__What is required__:
From the line containing "White Round Tulip" through the last line of the records below, output every line exactly as it appears, but leave out the pictures.

__Dataset content__:
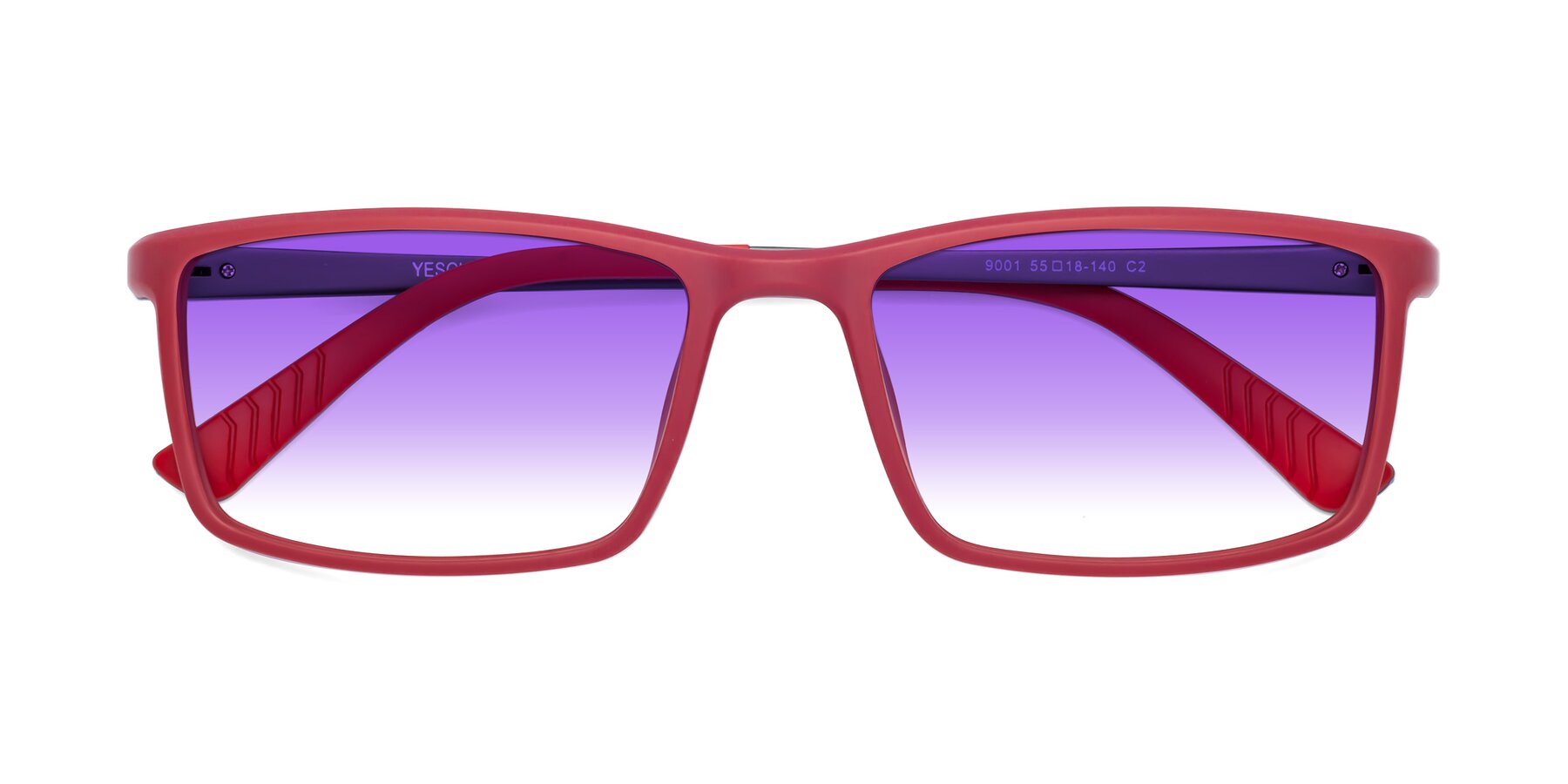 Folded Front of 9001 in Red with Purple Gradient Lenses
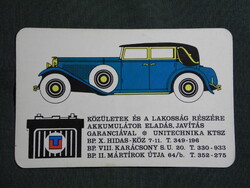 Kártyanaptár,Unitechnika KTSZ Budapest,Akkumulátor eladás,grafikai veterán autó, 1972   (9)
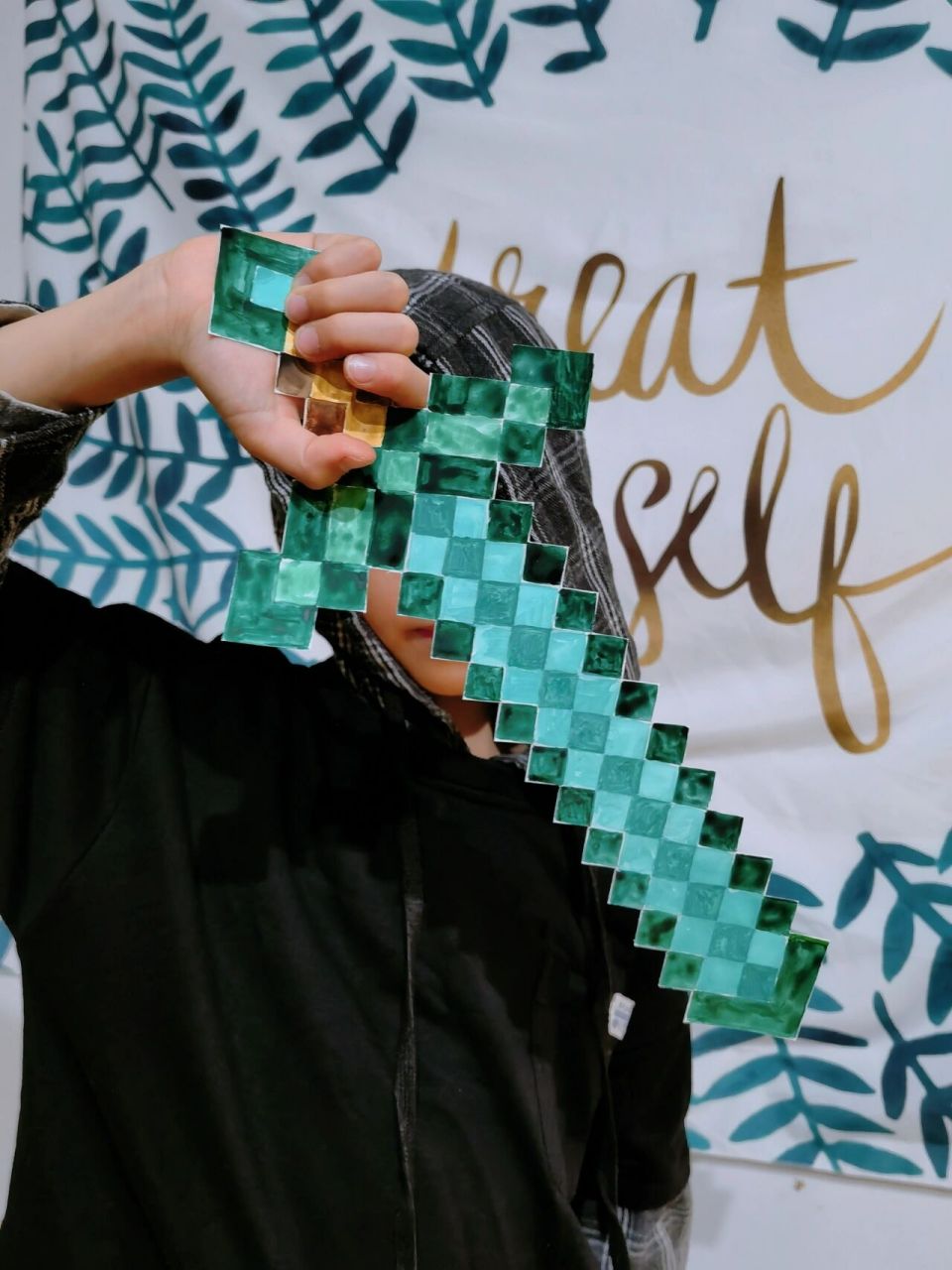 我的世界︱钻石剑diy手绘 材料:白卡纸,水彩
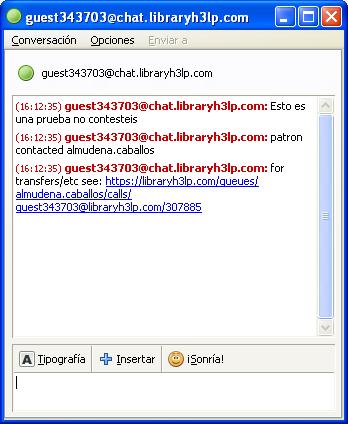 1.2.1 Consulta de un usuario Cuando un usuario lanza una pregunta a través del Chat de la web, el bibliotecario recibe una notificación en su ordenador que viene acompañada de un sonido.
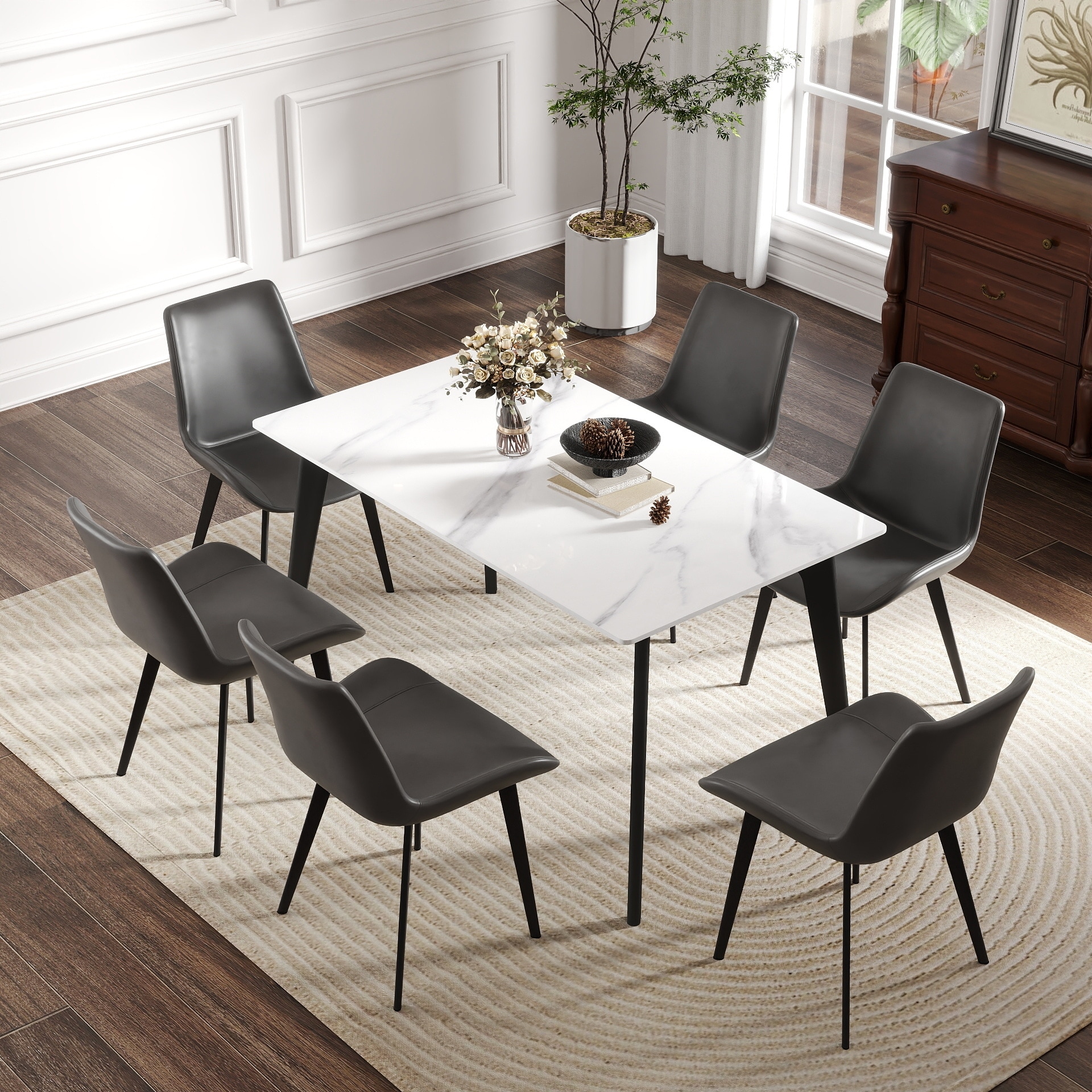 White Round Tulip Dining Table With MDF Top And Pedestal Base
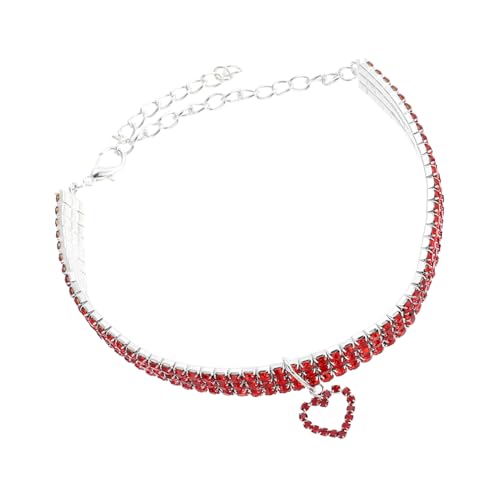 FIXOSHEE Halsband für Hunde mit Herzanhänger Verstellbares Glitzerndes Halsband aus Hochwertigen Strasssteinen Geeignet für Kleine Haustiere für Partys FIXOSHEE Halsband für Hunde mit Herzanhänger Verstellbares Glitzerndes Halsband aus Hochwertigen Strasssteinen Geeignet für Kleine Haustiere für Partys von FIXOSHEE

__Finished exercise__:
 White Round Tulip Dining Table With MDF Top And Pedestal Base
 FIXOSHEE Halsband für Hunde mit Herzanhänger Verstellbares Glitzerndes Halsband aus Hochwertigen Strasssteinen Geeignet für Kleine Haustiere für Partys FIXOSHEE Halsband für Hunde mit Herzanhänger Verstellbares Glitzerndes Halsband aus Hochwertigen Strasssteinen Geeignet für Kleine Haustiere für Partys von FIXOSHEE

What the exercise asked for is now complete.